Guerrero of the San Diego Alliance and other lawyers investigating the death of Hernández Rojas alerted the congress on what they called the “Shadow police units” after discovering that the unit based in San Diego had altered and even destroyed evidence in the case of Hernández Rojas to protect the agents involved. They then started to find the documentation of other cases in which similar units had interfered in other sectors.

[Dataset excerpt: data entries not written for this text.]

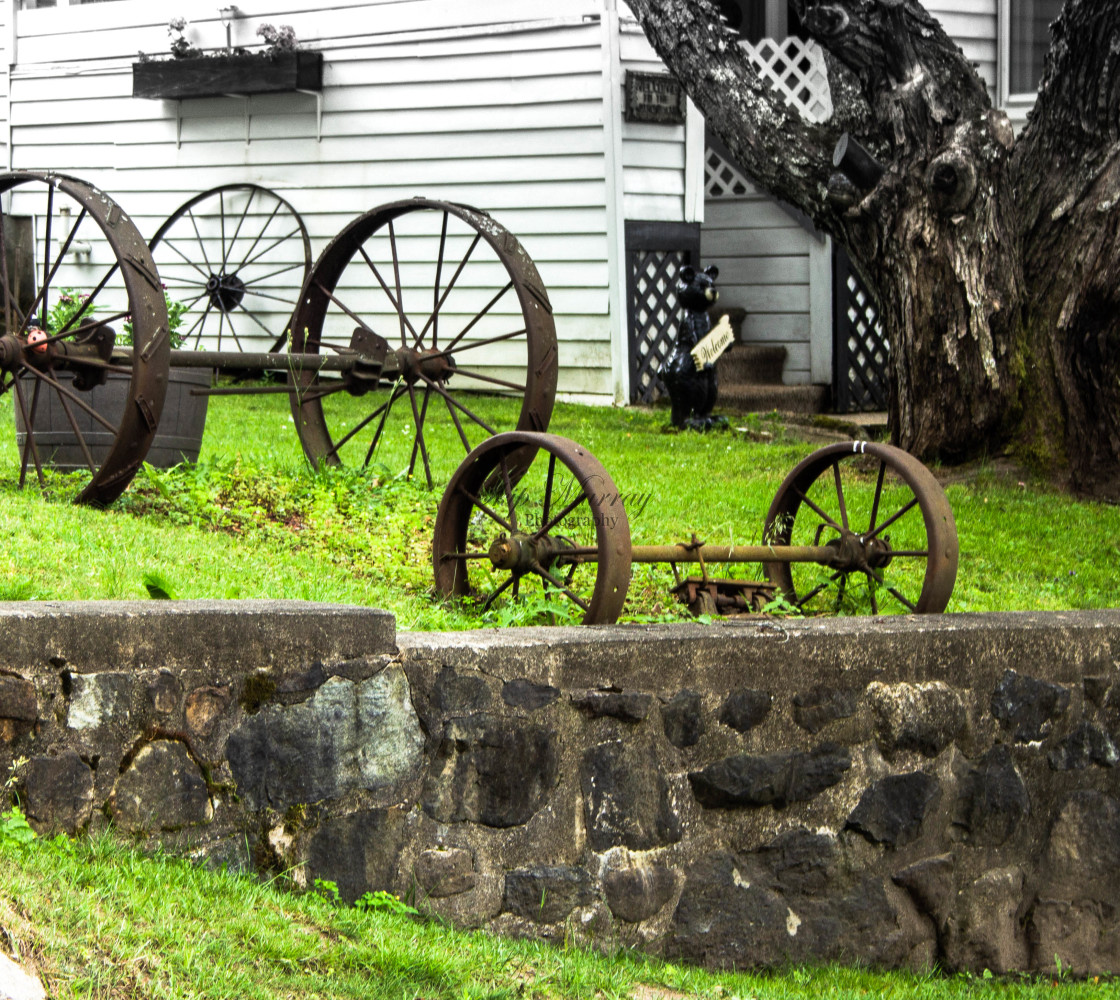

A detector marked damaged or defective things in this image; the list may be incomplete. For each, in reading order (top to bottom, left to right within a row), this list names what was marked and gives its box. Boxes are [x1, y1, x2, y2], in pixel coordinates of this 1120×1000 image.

rusty wagon wheel [0, 170, 168, 506]
rusty wagon wheel [148, 184, 313, 356]
rusty wagon wheel [284, 195, 555, 488]
rusty wagon wheel [432, 432, 636, 622]
rusty wagon wheel [766, 441, 958, 613]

Among their conclusions, there was that the candidate in the process of President Donald Trump directed the CBP, Rodney Scott, signed an administrative assignment for the medical files of Hernández Rojas according to which the lawyers were then retained by San Diego police officers investigating. Scott, who was the deputy chief of the acting patrol in San Diego at the time, was asked about his role in the Hernández Rojas case on Wednesday during a confirmation hearing before the Senate Finance committee.

Two former high -ranking officials from the CBP submitted affidavits in the Human Rights Commission case. One said that the type of use of an administrative assignment was “illegal and potentially obstructed to justice”. Another called on “badly if not criminal” use.

Scott admitted Wednesday that he had signed the assignment but testified that it was a standard procedural act that he had completed after the summons was examined by a legal advisor. When asked if he had interfered in the investigation into the death of Hernández Rojas, he replied “absolutely not”.